When it comes to Net access, a growing number of home PC users are feeling the need for speed, but are having a hard time getting their fix.

When it comes to Internet access, a growing number of home PC users are feeling the need for speed, but are having a difficult time getting their fix.

According to a study released today by the Yankee Group, nearly two-thirds of PC-owning households in the United States are interested in faster Internet access. However, with few consumers having access to such a service today, cable and telephone companies are challenged to take this opportunity to grow business.

Among households that are currently online, interest in faster Internet access is even greater, the survey revealed. Forty-one percent of those online were very interested in high-speed Internet access, and an additional 43 percent were somewhat interested. This is a significant increase in interest from the year before, when only 25 percent of online households said they were very interested in high-speed Internet access, the firm said.

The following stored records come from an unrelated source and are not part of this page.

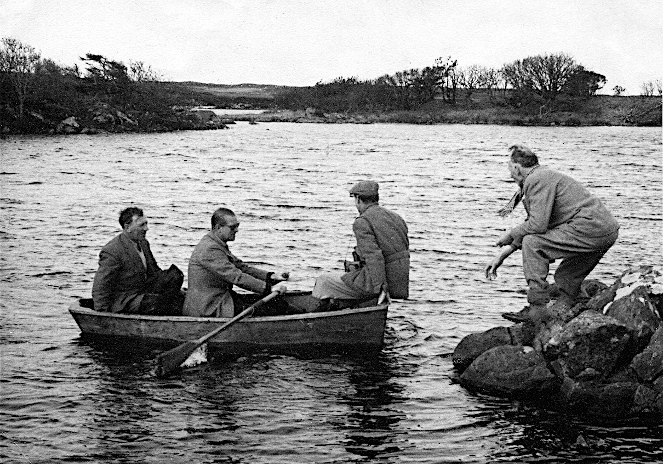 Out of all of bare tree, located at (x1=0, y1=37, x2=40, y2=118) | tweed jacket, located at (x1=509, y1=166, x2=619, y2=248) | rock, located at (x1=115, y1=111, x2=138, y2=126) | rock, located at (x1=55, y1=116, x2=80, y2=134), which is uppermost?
bare tree, located at (x1=0, y1=37, x2=40, y2=118)

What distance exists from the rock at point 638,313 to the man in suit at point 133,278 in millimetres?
5048

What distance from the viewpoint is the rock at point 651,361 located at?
8227 millimetres

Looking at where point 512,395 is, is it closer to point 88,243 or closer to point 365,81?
point 88,243

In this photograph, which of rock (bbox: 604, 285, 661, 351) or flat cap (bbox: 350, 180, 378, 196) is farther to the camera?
flat cap (bbox: 350, 180, 378, 196)

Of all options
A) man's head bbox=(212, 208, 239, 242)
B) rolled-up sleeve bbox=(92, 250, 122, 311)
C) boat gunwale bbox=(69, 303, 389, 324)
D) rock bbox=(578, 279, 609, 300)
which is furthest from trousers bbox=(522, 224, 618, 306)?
rolled-up sleeve bbox=(92, 250, 122, 311)

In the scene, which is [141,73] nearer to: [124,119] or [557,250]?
[124,119]

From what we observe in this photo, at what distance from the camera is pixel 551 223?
9.08 m

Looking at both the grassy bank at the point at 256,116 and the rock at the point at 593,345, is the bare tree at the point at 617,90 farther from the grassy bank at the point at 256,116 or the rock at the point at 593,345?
the rock at the point at 593,345

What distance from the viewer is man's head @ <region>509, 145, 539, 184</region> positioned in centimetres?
907

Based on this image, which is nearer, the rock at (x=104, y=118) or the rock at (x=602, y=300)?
the rock at (x=602, y=300)

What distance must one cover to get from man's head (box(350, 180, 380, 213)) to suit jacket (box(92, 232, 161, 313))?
106 inches

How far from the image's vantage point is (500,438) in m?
7.84

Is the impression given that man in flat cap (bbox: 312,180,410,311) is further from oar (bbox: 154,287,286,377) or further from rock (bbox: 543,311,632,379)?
rock (bbox: 543,311,632,379)

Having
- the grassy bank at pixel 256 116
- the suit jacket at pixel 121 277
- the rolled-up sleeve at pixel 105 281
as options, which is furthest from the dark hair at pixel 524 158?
the grassy bank at pixel 256 116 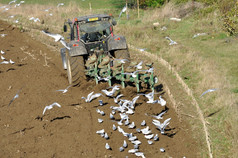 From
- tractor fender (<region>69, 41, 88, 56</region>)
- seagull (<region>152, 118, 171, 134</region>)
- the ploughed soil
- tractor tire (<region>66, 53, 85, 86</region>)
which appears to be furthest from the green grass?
seagull (<region>152, 118, 171, 134</region>)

In addition to more and more home PC users wanting high-speed data (HSD) services, more people said they are willing to pay for such services, the survey found. Thirty-six percent of online households are willing to pay $40 per month--close to today's typical price for cable modem service--for HSD services, up from 27 percent last year.

Despite increased consumer interest, cable operators and telephone companies in the United States are just beginning to offer high-speed Internet access services to consumers. While cable operators offering Net access service have taken an early lead over telephone companies offering digital subscriber line (DSL) services, cable today can provide service to only one out of every seven households in the United States and counts approximately 300,000 users, according to Yankee.

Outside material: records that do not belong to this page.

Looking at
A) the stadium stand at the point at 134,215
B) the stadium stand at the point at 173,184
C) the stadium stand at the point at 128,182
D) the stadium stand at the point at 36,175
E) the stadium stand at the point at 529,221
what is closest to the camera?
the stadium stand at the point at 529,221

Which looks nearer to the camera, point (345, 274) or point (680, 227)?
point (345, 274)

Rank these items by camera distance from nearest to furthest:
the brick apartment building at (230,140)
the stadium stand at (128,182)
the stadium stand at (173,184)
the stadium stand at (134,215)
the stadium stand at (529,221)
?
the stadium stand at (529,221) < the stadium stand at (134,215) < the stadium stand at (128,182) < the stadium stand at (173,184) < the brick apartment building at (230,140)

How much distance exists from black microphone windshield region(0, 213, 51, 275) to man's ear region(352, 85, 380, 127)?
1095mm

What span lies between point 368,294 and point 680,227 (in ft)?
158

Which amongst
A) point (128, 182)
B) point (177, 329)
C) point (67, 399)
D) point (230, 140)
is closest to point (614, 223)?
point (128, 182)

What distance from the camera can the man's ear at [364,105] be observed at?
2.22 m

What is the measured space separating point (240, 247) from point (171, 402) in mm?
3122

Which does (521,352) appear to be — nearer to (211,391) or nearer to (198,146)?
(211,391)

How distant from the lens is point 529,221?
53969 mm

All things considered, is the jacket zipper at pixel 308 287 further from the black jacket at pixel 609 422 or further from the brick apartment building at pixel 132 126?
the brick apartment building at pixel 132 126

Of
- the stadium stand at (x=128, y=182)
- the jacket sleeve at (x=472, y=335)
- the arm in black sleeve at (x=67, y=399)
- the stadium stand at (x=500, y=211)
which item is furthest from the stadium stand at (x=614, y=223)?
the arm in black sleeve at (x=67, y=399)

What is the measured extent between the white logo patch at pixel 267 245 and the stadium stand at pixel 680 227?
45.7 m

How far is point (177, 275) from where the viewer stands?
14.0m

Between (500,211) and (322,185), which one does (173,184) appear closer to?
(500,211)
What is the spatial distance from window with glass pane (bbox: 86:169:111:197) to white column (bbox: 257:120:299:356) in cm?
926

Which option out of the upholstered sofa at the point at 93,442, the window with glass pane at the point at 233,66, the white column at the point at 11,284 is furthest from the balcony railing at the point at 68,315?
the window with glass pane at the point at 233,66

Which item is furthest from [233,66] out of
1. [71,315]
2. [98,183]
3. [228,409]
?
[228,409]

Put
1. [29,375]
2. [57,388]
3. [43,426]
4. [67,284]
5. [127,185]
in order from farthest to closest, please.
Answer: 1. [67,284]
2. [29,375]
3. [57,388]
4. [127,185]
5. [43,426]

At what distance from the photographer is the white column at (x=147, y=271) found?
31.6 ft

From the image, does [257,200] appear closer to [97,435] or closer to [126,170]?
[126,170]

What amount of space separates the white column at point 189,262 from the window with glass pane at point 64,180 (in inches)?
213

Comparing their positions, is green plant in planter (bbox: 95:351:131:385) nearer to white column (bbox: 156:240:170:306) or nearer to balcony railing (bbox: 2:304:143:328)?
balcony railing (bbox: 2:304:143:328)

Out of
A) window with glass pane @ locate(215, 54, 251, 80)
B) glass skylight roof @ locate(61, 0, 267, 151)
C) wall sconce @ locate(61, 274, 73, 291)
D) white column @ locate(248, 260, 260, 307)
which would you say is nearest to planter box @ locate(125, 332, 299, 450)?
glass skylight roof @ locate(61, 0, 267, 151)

Despite the lead cable may have over DSL services, consumers still prefer telephone companies compared to cable, the study found. Given a choice between service from a cable company or a phone company, those most willing to pay for the service choose the telephone company 4.5 times more frequently than cable. However, there is opportunity for either party to emerge, because nearly half of the respondents currently don't know which one they would choose, the study found.

Consumers "haven't gotten the message yet," said Bruce Leichtman, director of media and entertainment strategies at Yankee. "When they think of data services they think of phone lines."

He said that any company looking to move into a new business is faced with the challenge of convincing the customer that it can provide a good product even if it isn't what they've done before.

"Cable needs to create a mind set not just provide a service," Leichtman said, warning neither the cable or telephone companies should think they have the upper hand because there is opportunity in the market for both to flourish.